— Ha parlato d’uno schooner che si prepara per un viaggio verso un paese lontano in cerca di un tesoro... Se il denaro gli dura, parte con quello.
— Se avesse un po’ di voglia di sistemarsi, potrei impiegarlo qui, a guidar la carrozza, — fece il marito, che non mostrava la minima benevolenza. — Tom se ne va.
La moglie lo fissò con uno sguardo interrogativo e ansioso insieme.
— Se ne va stasera. Va da Carruthers, che gli dà di più.
— Te lo avevo detto che se ne sarebbe andato! — esclamò lei. — Valeva di più di quanto gli davi!

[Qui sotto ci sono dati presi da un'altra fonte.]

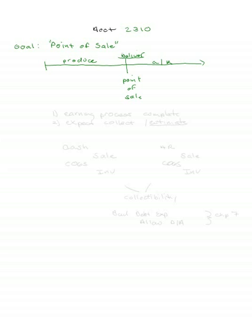delivery. At this point, the earnings process is complete - our first criteria - and there are no significant uncertainties, and you expect to collect. So you expect to collect and there are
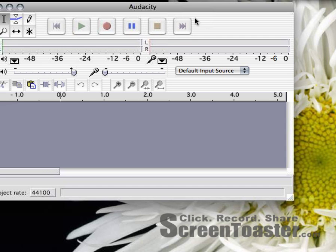This screencast is going to show you how to record your voice using a product called Audacity. Audacity is a free open source software product that's available on the net under a Creative Commons license.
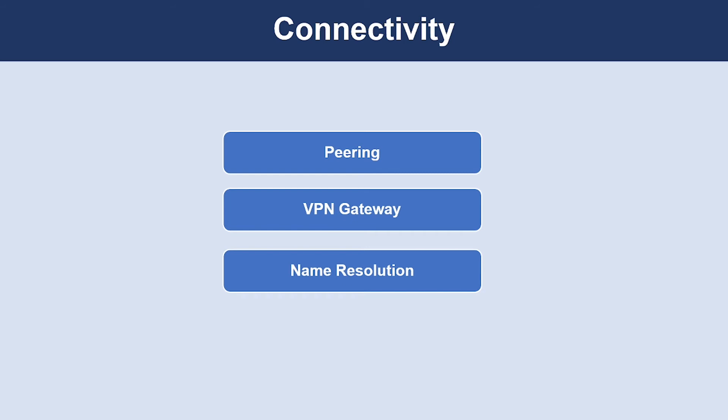Using Azure VPN Gateway, you can connect a virtual network to your on-premises network using a site-to-site VPN or a dedicated connection with Azure ExpressRoute. The other connectivity mechanism is name resolution.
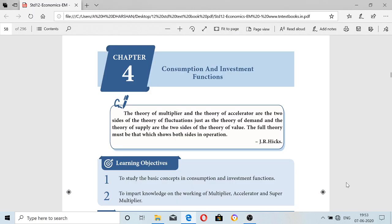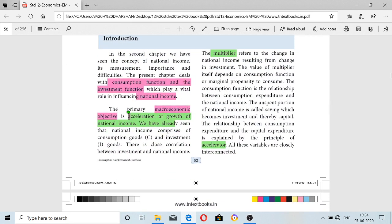Good morning children. Today we are going to see the next lesson in 12th standard economics, that is consumption function and investment function. In this lesson we are going to see what is meant by consumption and investment function and the working of multiplier, accelerator, and super multiplier. Now we will see the introduction about this lesson.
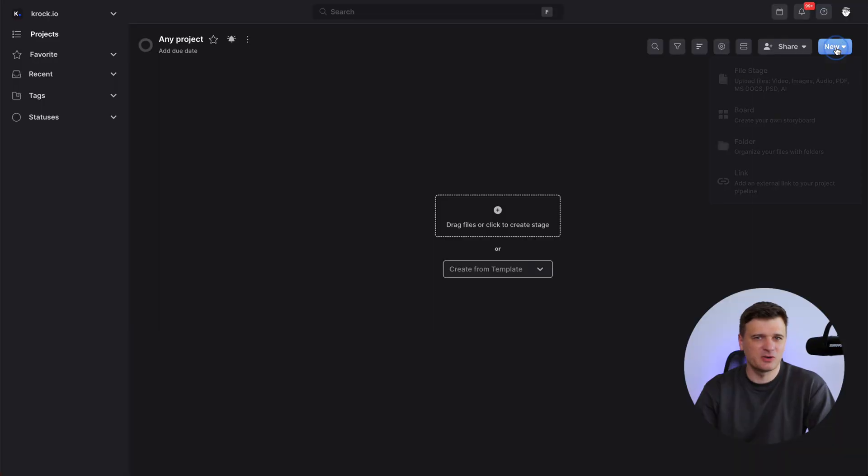Hey everyone, Alex here with another video tutorial. Today I am going to walk you through the board stage in Croceo, along with a few other stages which you can create in your project. The board stage is designed specifically to build online storyboards. Let's jump in.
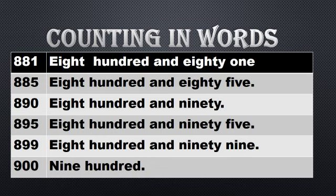Now I skip some numbers and take 885: E-I-G-H-T, eight, H-U-N-D-R-E-D, hundred, and 85, E-I-G-H-T-Y, eighty, F-I-V-E, five. Now 890: E-I-G-H-T, eight, H-U-N-D-R-E-D, hundred, and 90, N-I-N-E-T-Y, ninety.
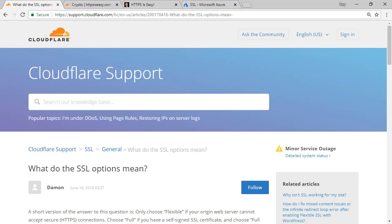HTTPS is easy. So far, we have added HTTPS to the website in less than five minutes. We have optimized the HTTPS implementation to get better than bank-grade security. And lastly, we went and fixed all the insecure references with an upgrade insecure request content security policy and automatic HTTPS rewrites.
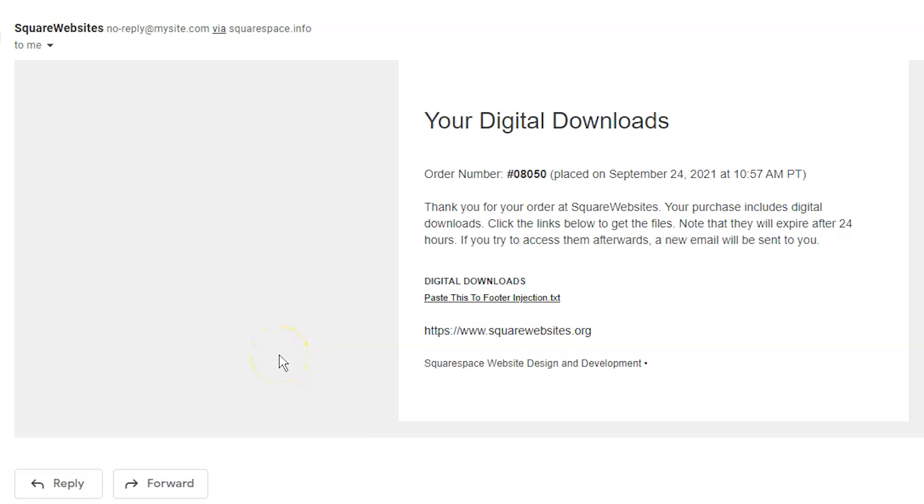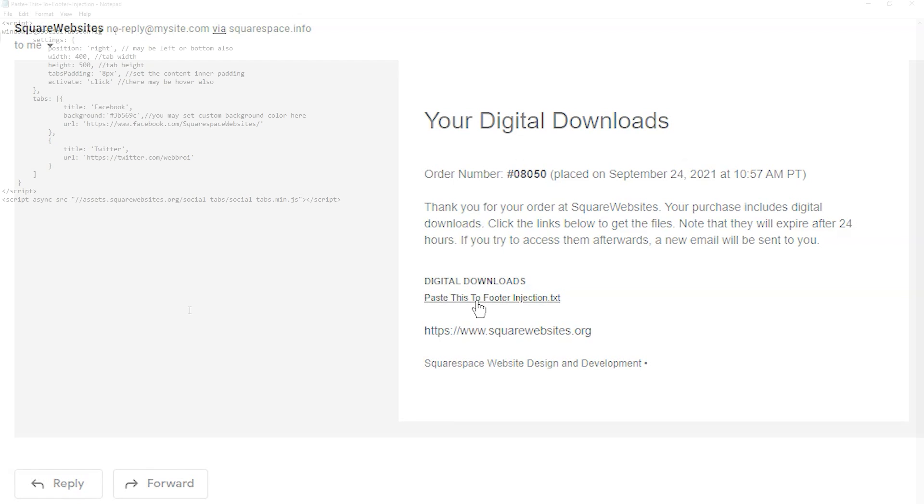Once you've paid for your Social Tabs plugin, you're going to receive an email that says your digital downloads. Under digital downloads you're going to see a link. Click this link to download your content that you will install on your website.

— Senti, vecchia! — ruggì Higgingbotham minacciosamente. — Te l’ho già detto cento volte che non devi ficcare il naso nei fatti miei. Non te lo ripeterò più.
— Per me è lo stesso, — fece lei con le lacrime agli occhi. — Tom era un buon garzone!
Suo marito la fulminò collo sguardo. Era il colmo dell’insolenza, quella.
— Se quel tuo bel fratello non fosse un buono a nulla potrebbe guidar la carrozza, — sibilò.
— Egli paga la pensione come un altro, — ribattè lei. — È mio fratello, e sinchè non ti è debitore, tu non hai il diritto d’insultarlo continuamente. Eppoi, anch’io ho un cuore, sebbene sia tua moglie da sette anni.